Een manier om verandering te realiseren was door het ontwikkelen van pilotprojecten, startend bij een probleem. Maar na vier jaar zijn pilots uitgewerkt. Het gaat erom zulke projecten stelselmatig te verbreden door er steeds meer partners bij te betrekken, maar ook door expertise uit te wisselen. Zo kun je na verloop van tijd het politieke systeem weer vlot trekken. Onze huidige politieke logica en dynamiek laten dat niet toe. Bij ieder nieuw college komt er weer een nieuw programma en een totaal andere visie op maatschappelijke vraagstukken. Door de regeerperiodes van vier jaar kun je bovendien maar twee jaar effectief bezig zijn; het eerste en laatste jaar gaan op aan andere zaken. Ondertussen gaan we met zijn allen naar de kloten als we klimaatveranderingen niet wereldwijd op een hele grote schaal aanpakken. De gemeenten zullen moeten samenwerken met de rijksoverheid en die zal samen moeten werken met Europa, vanwege de complexiteit van het probleem. Maar het begint bij de bewuste burger; deze wordt gevormd op school. De complexiteit heeft enorme voordelen omdat alles met alles verbonden is, maar ook enorme nadelen omdat alles met alles moet meebewegen.
Met Vakmanstad hebben we gekozen om kinderen skills bij te brengen om zich in andere dan hun geijkte netwerken te bewegen: sportzaal, museum, keuken, schouwburg, tuin. Dat is heel idealistisch. Alles is afhankelijk van wat docenten, directies, schoolbesturen en gemeentes ermee doen. De ketting is zo sterk als de zwakste schakel, het net zo veerkrachtig als de knooppunten sterk zijn. Vakmanstad is ook dienstbaar aan een groter samenwerkingsverband en afhankelijk van al de stakeholders die erin zitten. Zonder die samenwerking zou Vakmanstad geen enkele functie hebben. Als de schoolbesturen – we hebben er nu twee, BOOR en RVKO – meedenken en meedoen, krijg je massa en kun je het effect meten. Wij laten zien dat verandering mogelijk is, maar er moet ook politieke wil voor zijn. En die is moeilijk te organiseren. Alle directeur- en secretaris-generaals van de ministeriële departementen zijn langs geweest, wethouders, de minister van OCW, zelfs de koningin, Belgen, Japanners, Indonesiërs, Zweden: ze vinden het allemaal prachtig. Maar daarna hoor je helaas nooit meer wat van ze.

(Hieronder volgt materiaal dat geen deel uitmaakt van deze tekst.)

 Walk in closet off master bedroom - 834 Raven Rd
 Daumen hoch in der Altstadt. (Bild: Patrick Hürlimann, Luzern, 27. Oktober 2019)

Ik geef aan eerstejaarsstudenten op de EUR ecosofie en aan de honoursklas het vak Sustainability, samen met Jan Rotmans. Na een paar colleges zijn ze verpletterd, op het depressieve af, vanwege het grote aantal en de omvang van de problemen waar wij als samenleving voor staan. Die colleges liggen maar een paar jaar voor het moment waarop ze moeten functioneren in deze samenleving, als beleidsmaker of politicus misschien. Dat is eigenlijk op een te laat moment in hun leven, daarom moeten media- en ecowijsheid al in de eerste klas van de basisschool worden gegeven, anders komt het niet tussen hun oren. Je gaat bij alfabetisering – wat bovenaan de agenda staat – toch ook niet wachten tot mensen op de havo zitten om hen te leren lezen en schrijven?”
Rotterdam Vakmanstad opent een oplossingsrichting voor de actuele problematiek van klimaatverandering en geopolitieke ontwikkelingen. Het gaat erom kinderen bewust te maken dat zij niet alleen onderdeel van het probleem zijn, maar ook van de oplossing. De uitdaging van deze tijd is immers het omgooien van een levensstijl die de aarde en onze sociale relaties te zwaar belast. Kinderen worden met Vakmanstad voorzien van skills als media- en ecowijsheid om actief te kunnen functioneren in een netwerksamenleving waarin iedereen afhankelijk van elkaar is en elk handelen anderen beïnvloedt.